Football fans may laugh at the prospect of waiting in line for eight hours to see a Jessica Simpson concert, but when it comes time to risk bodily harm for a seat designation there is not an ounce of reason in their bodies. They complete their objective with variable efficiency but pure stupidity.
For these reasons, I propose a new system of ticket distribution. It’s a basic concept that has been used at headlining concerts for years. Let the students stand in line if they’d like for the opportunity to get a lottery ticket with a number on it. These numbers would then be called in random order, and seats would be distributed accordingly.
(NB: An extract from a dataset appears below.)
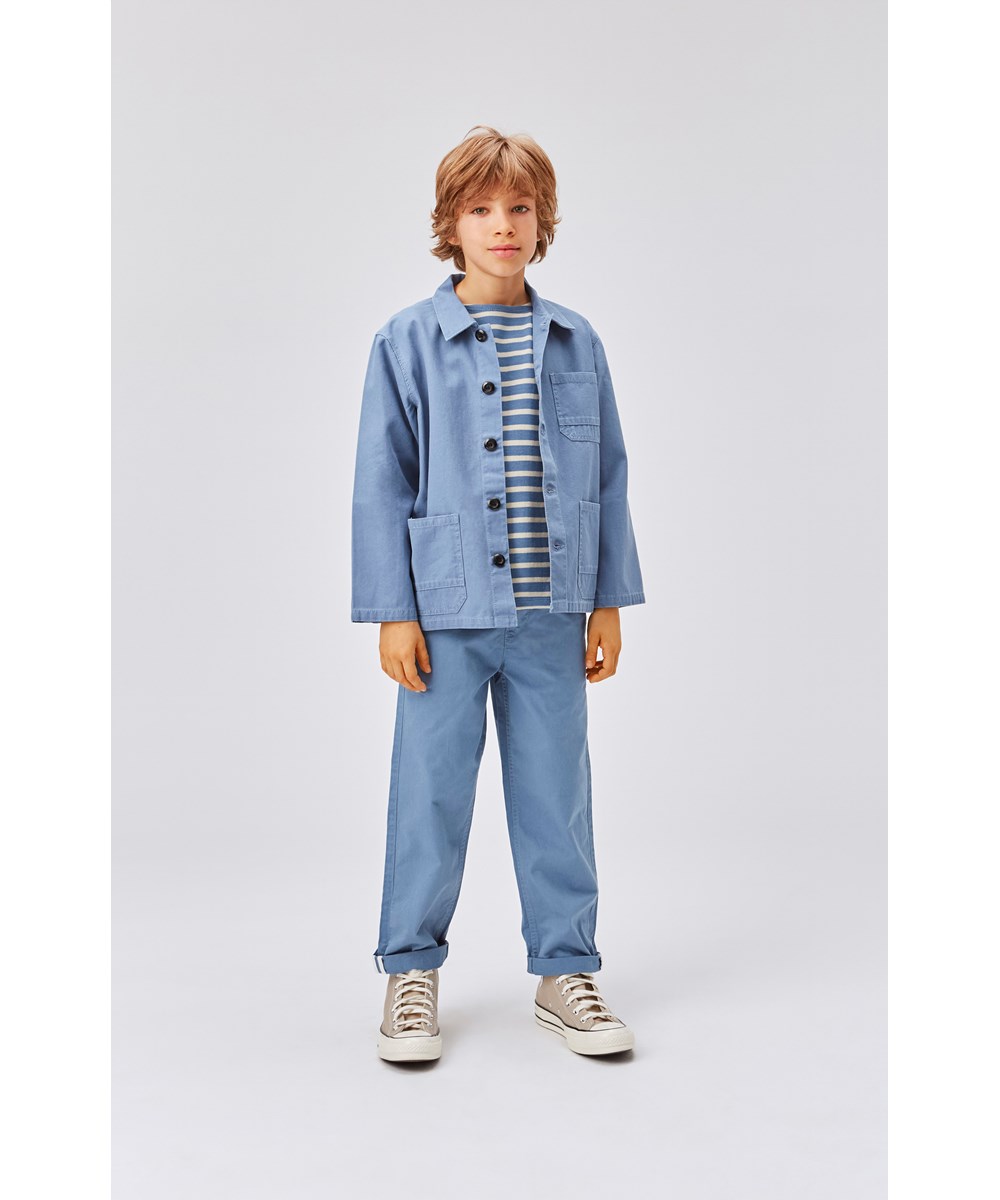 Halley - Atlas Blue - Blue cotton jacket with collar and patch pockets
For those of you thinking this would ruin the tradition of sitting in sections O or P you are mistaken. Each section will be an even distribution of crazed fans ready to cheer the Badgers on to victory. Even section L will become a raucous good time. If there is going to be a provision added for a pure upperclassman section, let it be just that. It can’t be a bunch of freshman that merely went to high school with a junior buddy, and so they got the hook-up. Order is the key to success.
Now we arrive at the prospect that, interspersed throughout those people waiting for Ohio State tickets, are individuals waiting to redeem season basketball tickets. Anyone who waits for a month to see if the Badgers can win a third-straight Big Ten title shouldn’t have to pay tuition. Of course, I can’t imagine how they would be smart enough to get into this school to need to pay tuition in the first place.
If you want to show dedication, show up at the airport when the team returns from Penn State, wait outside of the buses to congratulate them, cheer as loud as possible at the games, but do you really need to sit outside for days on end?
For those of you who answer with a resounding “yes,” I give you two points of advice: bundle up, and don’t fall asleep, because failure to do either could mean you’ll have to leave before your time.